The jury in appellant’s case was instructed to find appellant guilty of aggravated sexual
assault of a child if it found he intentionally or knowingly caused the sexual organ of Y.H. to
contact appellant’s mouth. A person commits indecency with a child when he engages in sexual
contact with the child. See TEX. PENAL CODE ANN. § 21.11(a)(1) (West 2016). “Sexual contact”
means “any touching by a person, including touching through clothing, of the genitals of a
child.” See id. § 21.11(c)(1) (West 2016). A person commits aggravated sexual assault of a
child when he intentionally or knowingly causes the sexual organ of a child to contact his mouth.
See id. § 22.021(a)(1)(B)(iii) (West 2016).
Appellant argues the jury heard evidence that would support a finding of indecency with
a child and in support points to Y.H.’s testimony that appellant touched her privates and buttocks
through her clothes and that Y.H. could not recall if her clothes were on or off when appellant’s
mouth was on her privates. His argument is similar to that of the appellant in IslasMartinez v.

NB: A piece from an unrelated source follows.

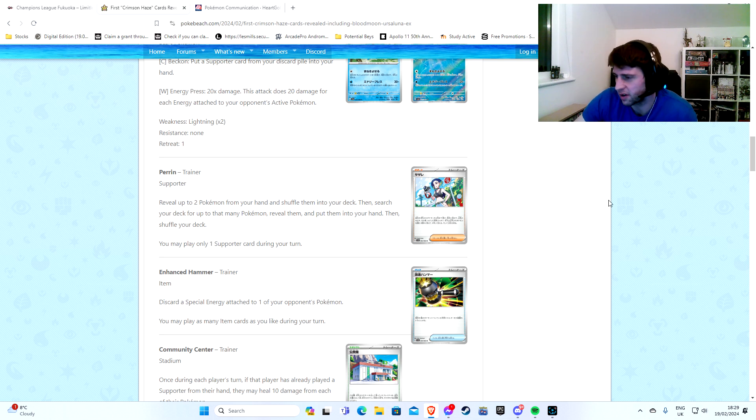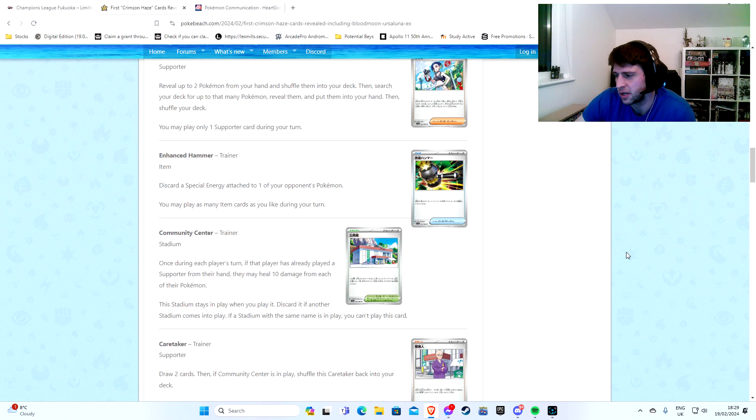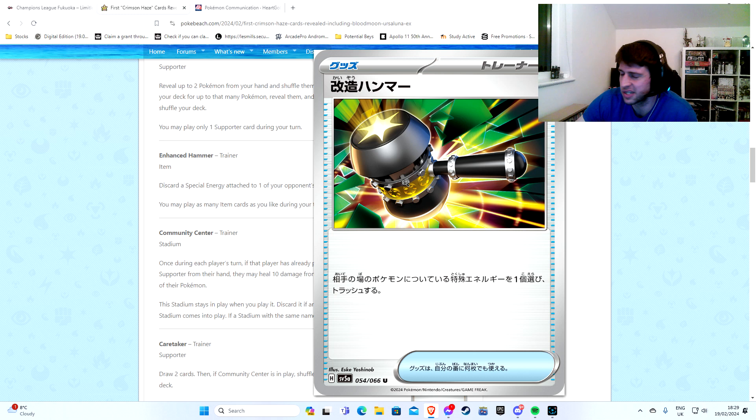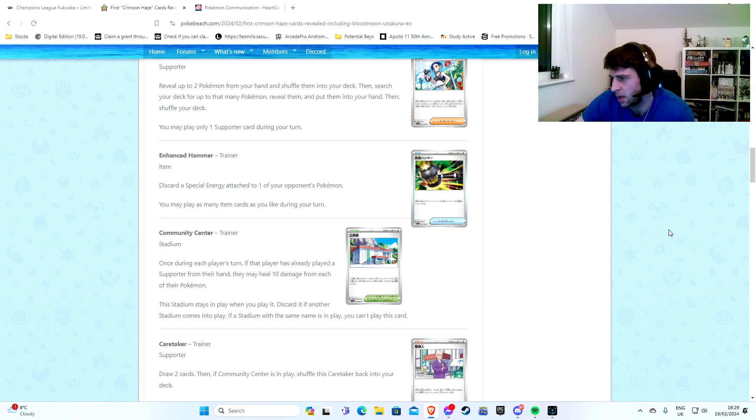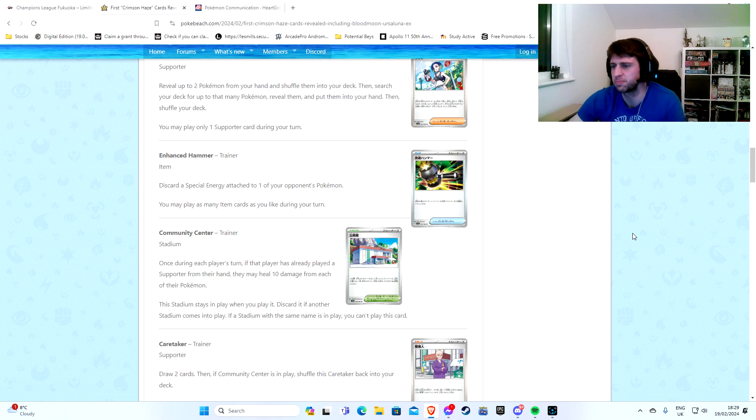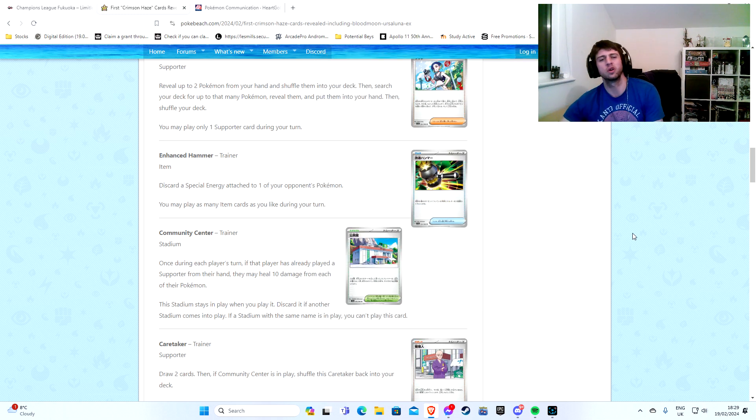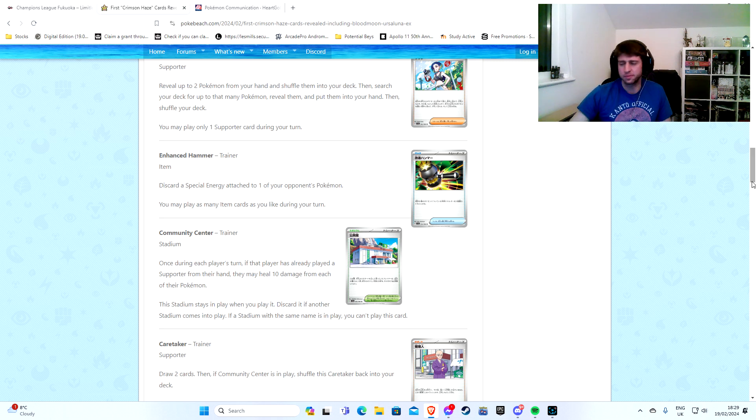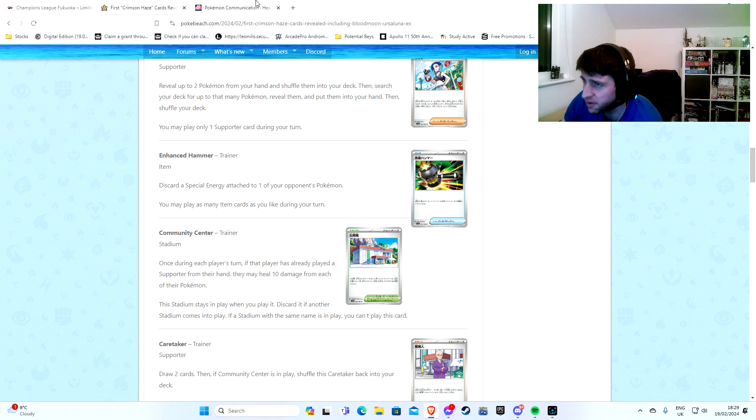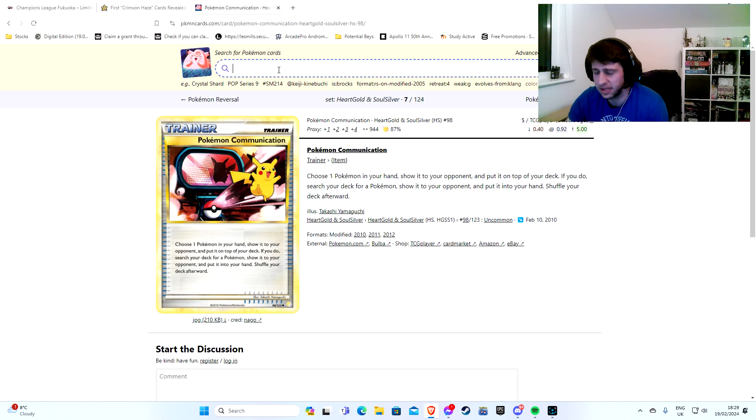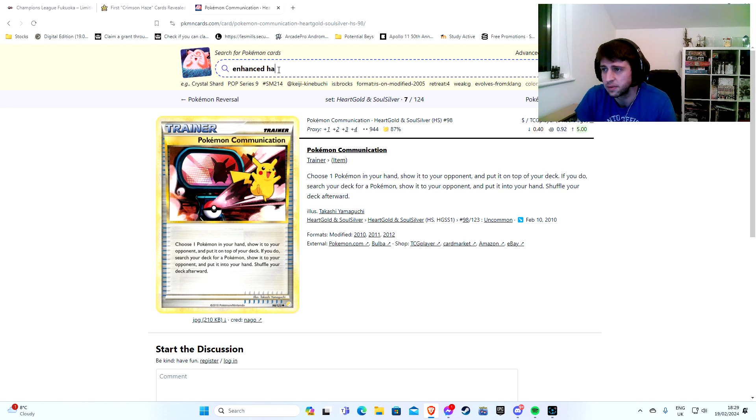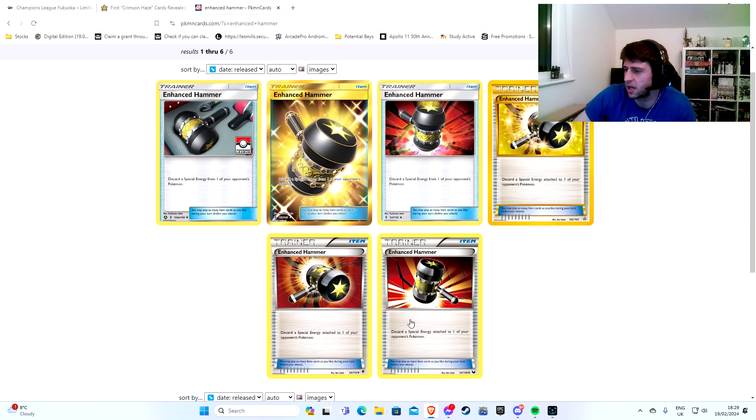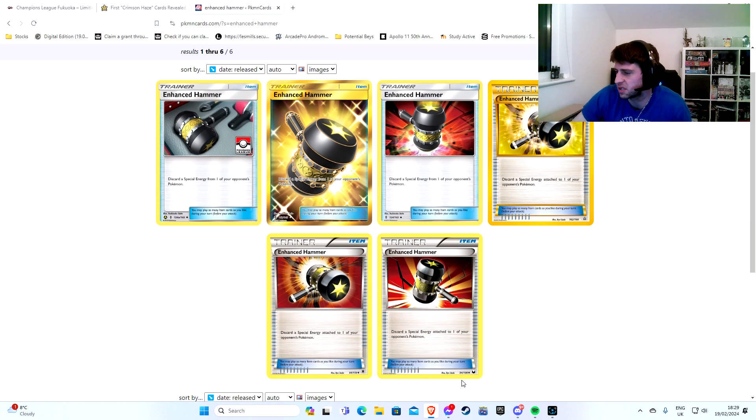It's a lot, isn't it, for a supporter? Especially when we've got so many good supporters now. So not the most important thing, but it's here. The next most important card of course, Enhanced Hammer. Now Enhanced Hammer just discards a special energy attached to one of your opponent's Pokemon. This was a pretty big card while it was out. I don't even know if I was really playing when Enhanced Hammer was around.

State, where IslasMartinez argued the evidence was insufficient to support his conviction for
aggravated sexual assault of a child by contact because the “contact” between his sexual organ
and his victim’s female sexual organ was not flesh-to-flesh but instead was always through
clothing. 452 S.W.3d 874, 877 (Tex. App.—Dallas 2014, pet. ref’d). There, we rejected that
argument because a requirement that “contact” be flesh-to-flesh would lead to the absurd result
that an actor could never be prosecuted for aggravated sexual assault of a child if he contacted a
child’s bare female sexual organ with his sexual organ while wearing a condom. See id. at 879.
For the same reason, we reject appellant’s argument here. We overrule appellant’s fourth issue.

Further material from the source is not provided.